I’m feeling the need to branch out beyond writing my epically long novels. Not leaving them behind, of course, but broadening my horizons. This isn’t an uncommon thought for me; I usually realize this about every 18 months.

It’s excellent practice. For one, it teaches you how to fit as much as possible in as little as possible, which should be happening in novel writing anyway. And it can help refresh your creativity and brain after being so hyper-focused on one storyline and set of characters. And all of this without committing to another epically long novel!

Besides that, it’s a good idea if you’re interested in traditionally publishing. An agent will like it if you’ve got several short story publications under your belt. And you’ve got to write the short stories for that to happen.

I have no shortage of ideas, but I find it difficult to make them… short. I need the practice.
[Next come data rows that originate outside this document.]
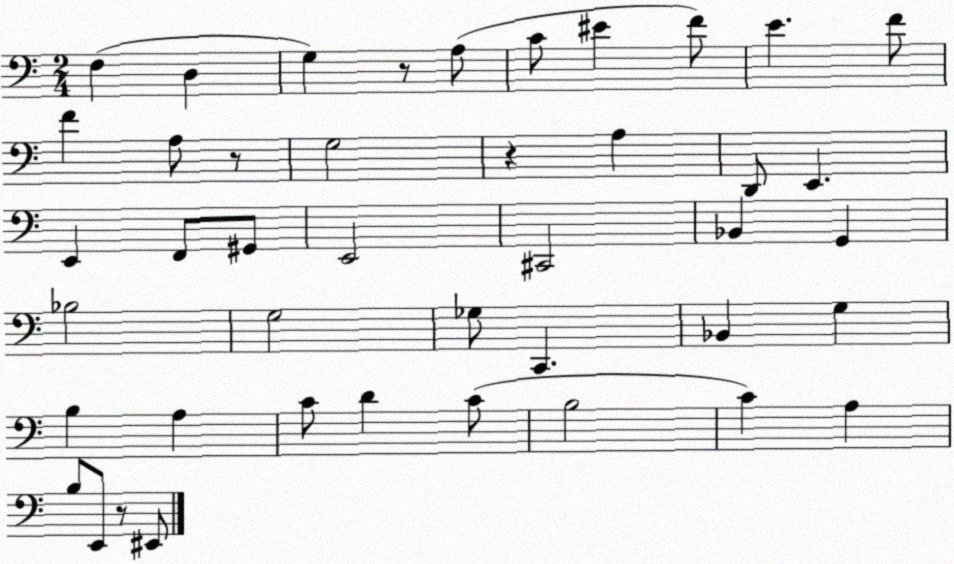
X:1
T:Untitled
M:2/4
L:1/4
K:C
F, D, G, z/2 A,/2 C/2 ^E F/2 E F/2 F A,/2 z/2 G,2 z A, D,,/2 E,, E,, F,,/2 ^G,,/2 E,,2 ^C,,2 _B,, G,, _B,2 G,2 _G,/2 C,, _B,, G, B, A, C/2 D C/2 B,2 C A, B,/2 E,,/2 z/2 ^E,,/2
illustrated by Pyon Dattebayo

Maybe I’ll start with Novellas.

About R. K. Brainerd

I've been writing since my pre-teens, mostly in the realm of fantasy and sci-fi. Taking interesting concepts and dropping complex characters into fantastical worlds is my jam. I also raise dairy goats and herd cats, the evidence of which can be found on my Instagram. Welcome to the adventure. View all posts by R. K. Brainerd

2 responses to “On Short Stories

  • Arpita

    For me, writing a short story is easier than a novel, and I have self-published an ebook of ten stories. And just because I am in the habit of writing shorts, I’m no good in longer works. I might have started around 5 novels by now, but not completed any. How do you think I could improve this?

    Liked by 1 person

    • R. K. Brainerd

      Ooo. This is a very good question. Let me think…

      Well, the first thing that comes to mind is what someone once told me: a novel is a lot of short stories put together. The second thing that comes after that, is that for me, I have a hard time letting characters go. I keep writing about them because I love them. Do you have a character(s) that you absolutely love and want to keep writing about? Maybe start there… and then, I think maybe outlining would be your best bet after that. If you build a big, giant world with a quest/story in it, it may be easier to start writing out longer.

      Actually. I guess the real question is: do you have trouble keeping steam on a story, to keep writing it and you end up stopping? Or does what you write just naturally wrap up as a short story?